El ser humano siempre volverá la vista atrás, especialmente cuando ni el presente ni el futuro se antojan muy cautivadores. Es entonces cuando la nostalgia comienza un proceso de idealización del pasado, y no hay pasado más idealizado —ni cautivador— que el Medievo. Fue en este contexto histórico y emocional cuando John William Waterhouse (1849 – 1917) se afana en pintar cuadros de estilo y temática abiertamente old fashioned dominados por un arrebatado romanticismo y protagonizadas, generalmente, por modelos de una belleza inmemorial.

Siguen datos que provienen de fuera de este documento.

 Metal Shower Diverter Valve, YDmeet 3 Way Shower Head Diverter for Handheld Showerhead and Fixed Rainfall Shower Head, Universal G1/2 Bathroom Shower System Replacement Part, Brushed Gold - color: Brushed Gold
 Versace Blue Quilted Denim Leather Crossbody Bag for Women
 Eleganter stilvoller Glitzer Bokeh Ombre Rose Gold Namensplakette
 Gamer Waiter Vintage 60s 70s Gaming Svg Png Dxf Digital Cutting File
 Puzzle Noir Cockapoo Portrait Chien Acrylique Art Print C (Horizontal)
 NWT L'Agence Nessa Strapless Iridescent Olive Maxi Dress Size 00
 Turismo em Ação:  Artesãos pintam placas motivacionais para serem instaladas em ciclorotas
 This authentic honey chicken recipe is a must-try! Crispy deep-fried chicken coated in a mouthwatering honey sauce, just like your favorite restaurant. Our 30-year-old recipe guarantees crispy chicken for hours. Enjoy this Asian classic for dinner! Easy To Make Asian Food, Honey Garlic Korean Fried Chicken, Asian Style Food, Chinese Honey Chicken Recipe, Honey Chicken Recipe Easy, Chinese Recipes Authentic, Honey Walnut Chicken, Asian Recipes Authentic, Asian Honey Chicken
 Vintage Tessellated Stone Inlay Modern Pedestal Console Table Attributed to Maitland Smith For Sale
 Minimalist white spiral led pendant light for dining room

«Female head study for ‘A Naiad'» (1892)

Waterhouse no fue, ni de lejos, un precursor en este revival medieval. Al contrario, él pintor británico nace un año después de la sesión inaugural de la Hermandad Prerrafaelita. Liderada por pintores como John Everett Millais o Dante Gabriel Rossetti, aquel grupo artístico de vida efímera lleva a la pintura el gusto por desenterrar un pasado mítico que sirva como fortaleza ante el estrépito de la industrialización. No en vano, personajes como John Ruskin son claves en la configuración del historicismo arqueologista que tanta influencia tendría en el romanticismo y en el neoclasicimo británico.

«Circe» (1892)

De alguna manera, muchos artistas británicos están reaccionando ante el presente ruidoso y grasiento de la máquina, huyendo hacia un pasado legendario de capa y espada, de Shakespeare y el Rey Arturo. Saben que las mujeres no eran tan bellas como aparecen en sus cuadros ni los caballeros tan flemáticas, pero prefieren creerse sus propias mentiras a ser arrollados por la Lluvia, el vapor y la velocidad.

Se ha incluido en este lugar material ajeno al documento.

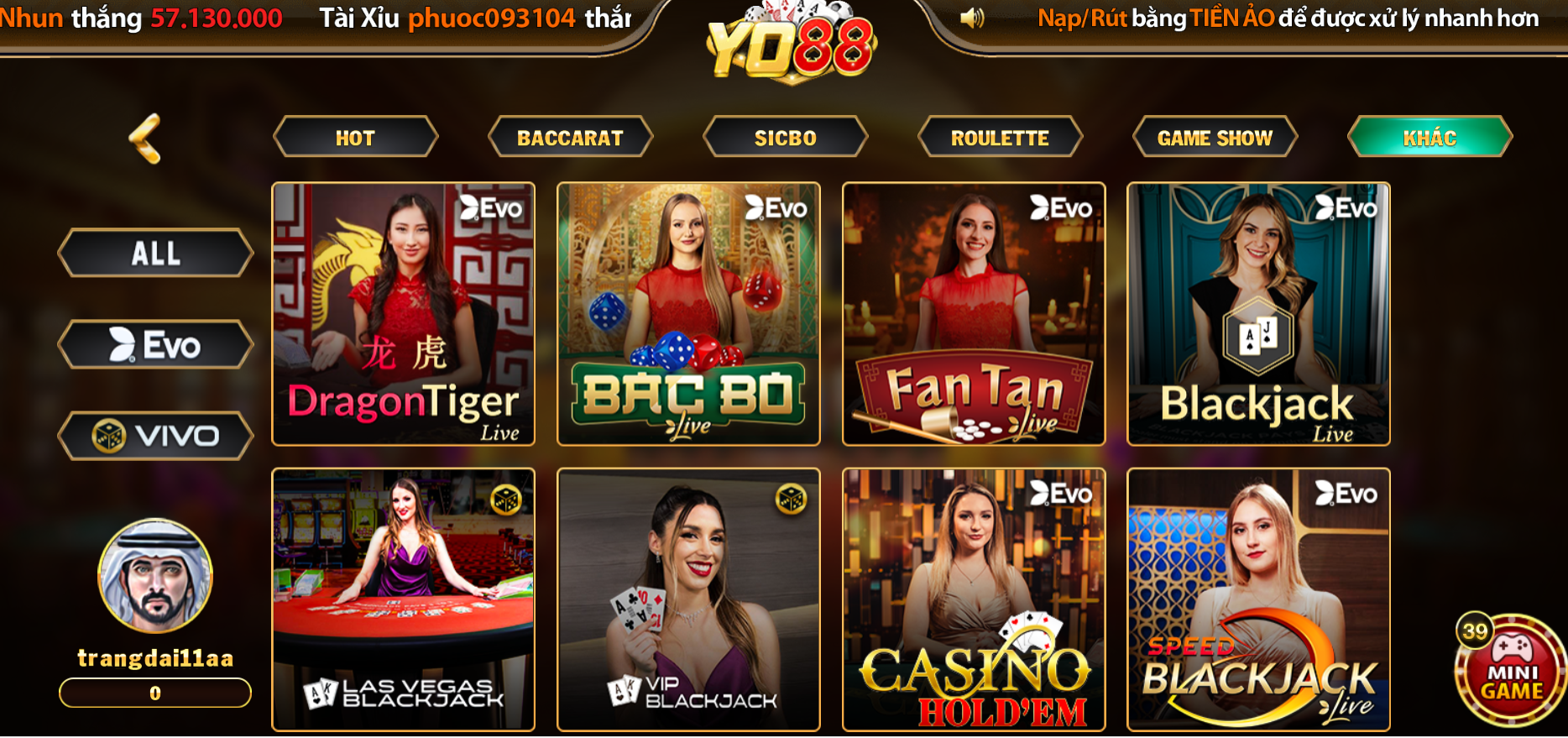 Livegame Yo88 thế giới đổi thưởng online nhưng chân thực 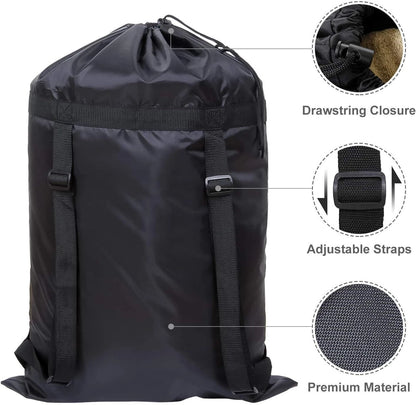 Home Collection Large Laundry Backpack Bag with Drawstring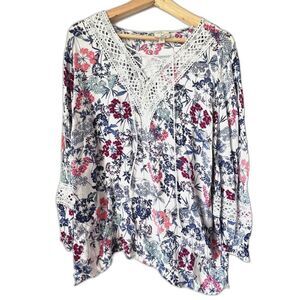 Bohemia Embroidered bloused tied long sleeve vintage women top floral size XL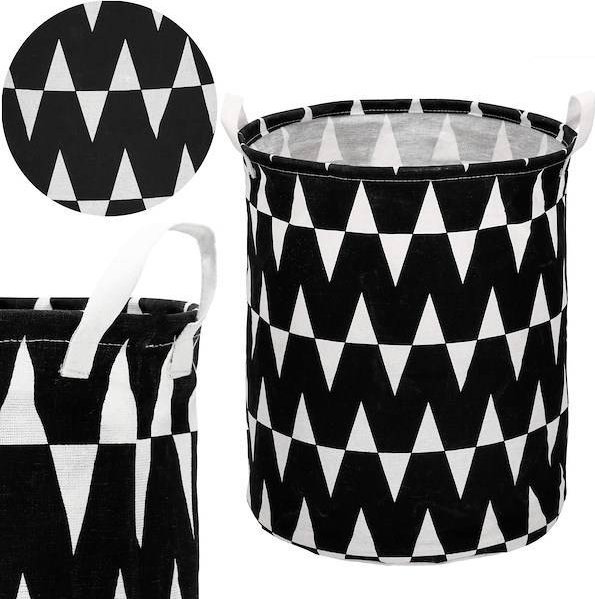 Springos Kosz do przechowywania zabawek i ubrań pojemnik z uszami czarny zygzak UNIWERSALNY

Es en este contexto reaccionario como John William Waterhouse comienza a echar la vista atrás, a empaparse de literatura antigua e hidromiel y a facturar obras de estilo arcaico pero de alma contemporánea. Sus referentes temáticos son, esencialmente, el mito clásico y la literatura shakesperiana.

«La náyade» (1893)

Conoce bien las obras del Prerrafaelismo, pero él prefiere unos postulados estéticos menos radicales. No trata de usar una pincelada prieta ni busca una precisión microscópica. Más bien, su estilo trata de no molestar al verdadero protagonista de sus obras que es la atmósfera.

Porque muchos de los cuadros de Waterhouse enamoran por su atmófera misteriosa, por el palpito de presenciar un maravilloso enigma en dos dimensiones que el espectador ha de resolver. Sus figuras, generalmente femeninas, se han transformado, con el tiempo, en iconos de belleza, el epítome de la melancolía.

«The Lady of Shalott» (1888)

Waterhouse tuvo suficiente éxito en vida para vivir de su arte. Su obra se consideró precedente del simbolismo, tendencia que eclosionó en las dos últimas décadas del siglo XIX, pero que rápidamente sería despedazada por las vanguardias. Y así fue como, durante la mayor parte del XX, la obra de Waterhouse, como la de muchos de sus colegas revivalistas, cayó en el olvido. Nadie quería ver ni en pintura la representación de una escena realista, por muy simbolista que fuera. La apisonadora vanguardista aplastó la disidencia: las mujeres de Waterhouse se fueron con sus potingues a otra parte.

«El círculo mágico» (1886)

Pero las modas van y vienen, y a finales de siglo XX el Prerrafaelismo reencontró a fervientes admiradores. La industria del entretenimiento, particularmente el cine, rescató a Waterhouse, muchas de cuyas obras se convirtieron en referencias estéticas para grandes superproducciones como el caso de El Señor de los Anillos.

Y en un contexto como el actual, marcado por la asfixiante revolución tecnológica, muchos disidentes están reaccionando ante el presente ruidoso y silícico con una huida hacia esos pasados míticos sin smartphone ni WiFi. Waterhouse is back.